- Provided records -
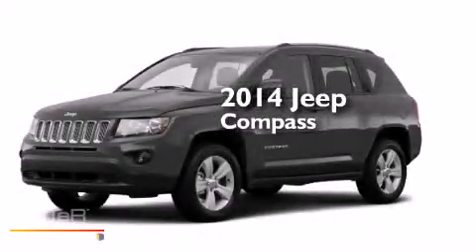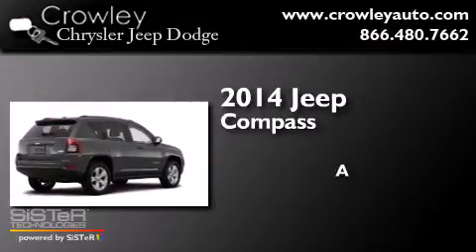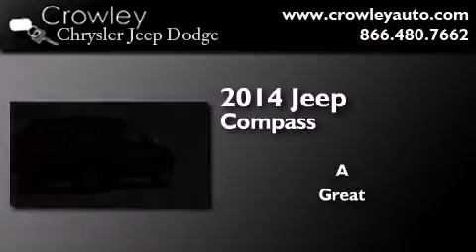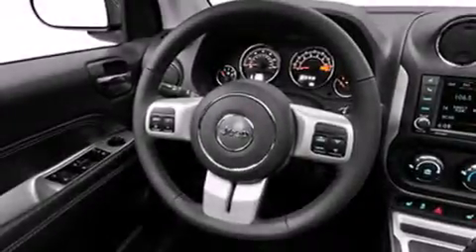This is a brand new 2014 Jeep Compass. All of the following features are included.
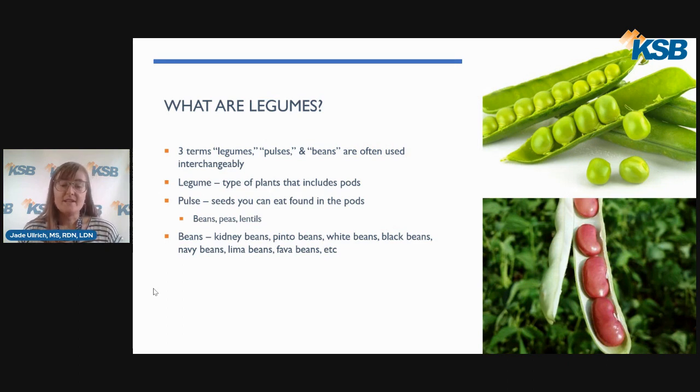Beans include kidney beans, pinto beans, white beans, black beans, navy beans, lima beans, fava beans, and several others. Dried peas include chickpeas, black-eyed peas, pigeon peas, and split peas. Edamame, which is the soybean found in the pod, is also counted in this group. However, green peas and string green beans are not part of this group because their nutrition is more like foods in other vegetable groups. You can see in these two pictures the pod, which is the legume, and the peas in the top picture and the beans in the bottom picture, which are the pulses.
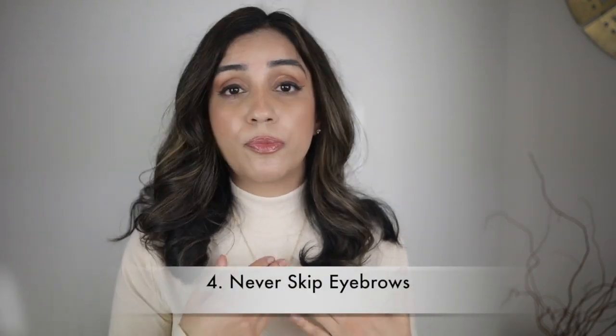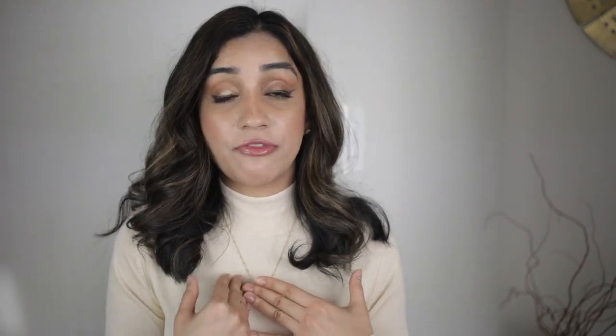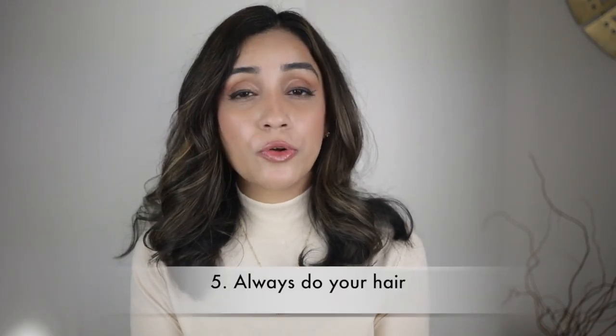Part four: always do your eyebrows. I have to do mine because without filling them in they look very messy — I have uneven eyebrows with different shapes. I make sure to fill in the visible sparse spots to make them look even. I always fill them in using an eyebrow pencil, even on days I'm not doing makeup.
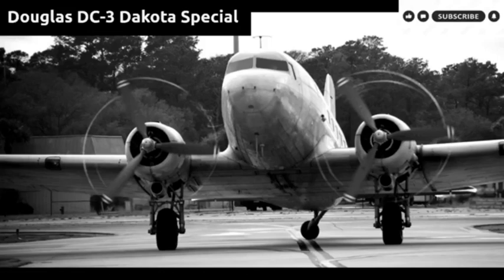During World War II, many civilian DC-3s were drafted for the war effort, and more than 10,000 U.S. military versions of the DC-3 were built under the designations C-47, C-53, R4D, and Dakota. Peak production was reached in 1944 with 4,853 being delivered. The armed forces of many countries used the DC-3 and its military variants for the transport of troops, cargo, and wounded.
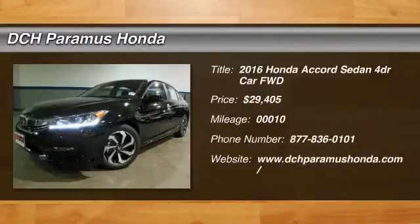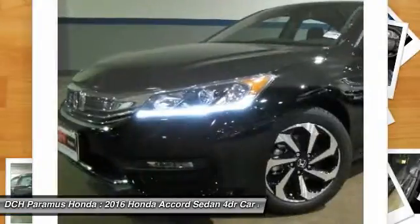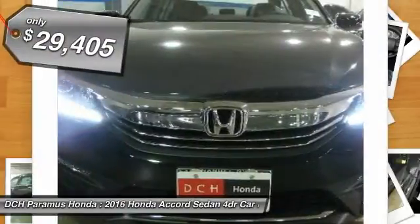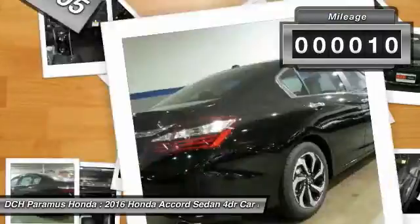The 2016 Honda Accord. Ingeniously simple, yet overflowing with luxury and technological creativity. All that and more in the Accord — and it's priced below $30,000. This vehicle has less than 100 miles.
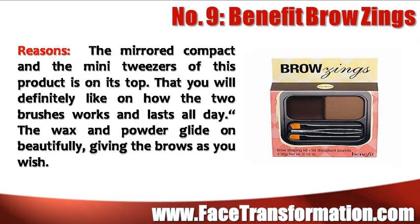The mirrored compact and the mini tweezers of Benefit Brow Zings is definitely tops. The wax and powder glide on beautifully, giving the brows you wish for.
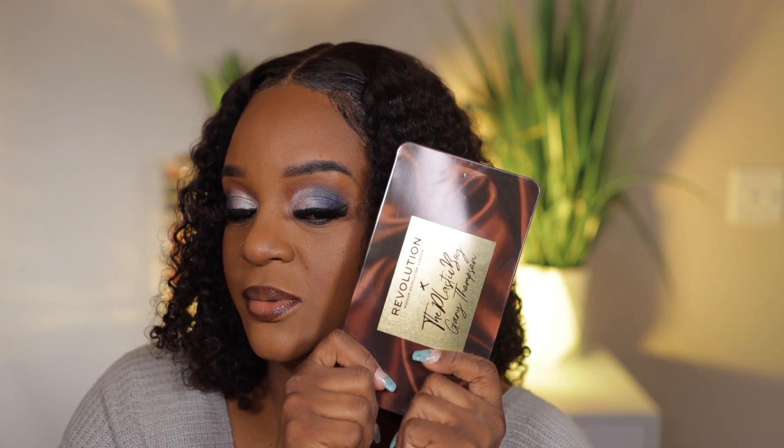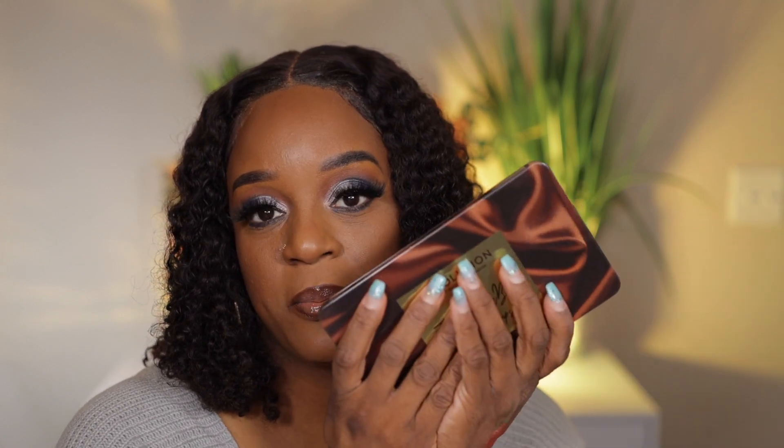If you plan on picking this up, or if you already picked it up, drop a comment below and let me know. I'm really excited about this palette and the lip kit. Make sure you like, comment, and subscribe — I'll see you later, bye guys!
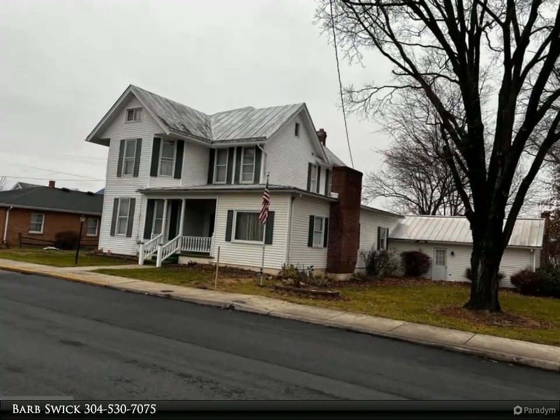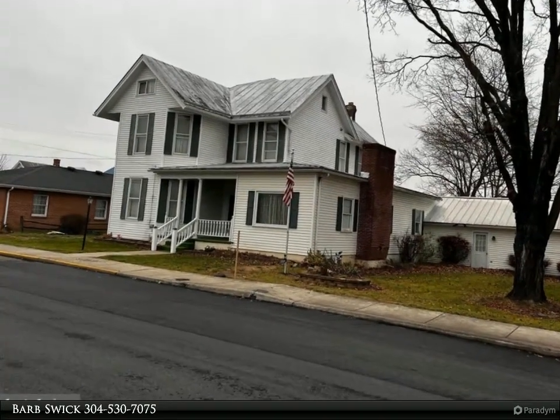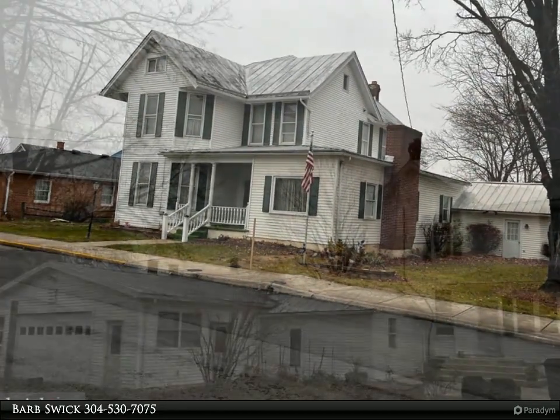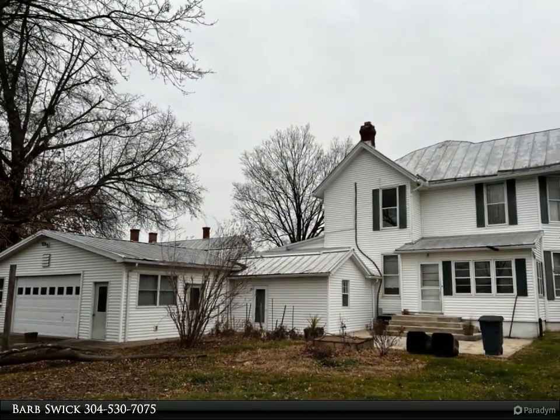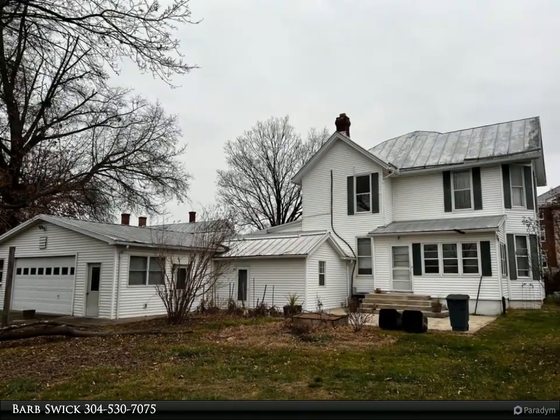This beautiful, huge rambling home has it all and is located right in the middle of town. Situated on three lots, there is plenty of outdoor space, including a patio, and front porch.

- Task goal -
Starting at the line that holds "The 2016 Honda", repeat every line through the end of the listing exactly as written, skipping any picture.

- Your response -
The 2016 Honda Accord. Ingeniously simple, yet overflowing with luxury and technological creativity. All that and more in the Accord — and it's priced below $30,000. This vehicle has less than 100 miles.
The mirrored compact and the mini tweezers of Benefit Brow Zings is definitely tops. The wax and powder glide on beautifully, giving the brows you wish for.
If you plan on picking this up, or if you already picked it up, drop a comment below and let me know. I'm really excited about this palette and the lip kit. Make sure you like, comment, and subscribe — I'll see you later, bye guys!
This beautiful, huge rambling home has it all and is located right in the middle of town. Situated on three lots, there is plenty of outdoor space, including a patio, and front porch.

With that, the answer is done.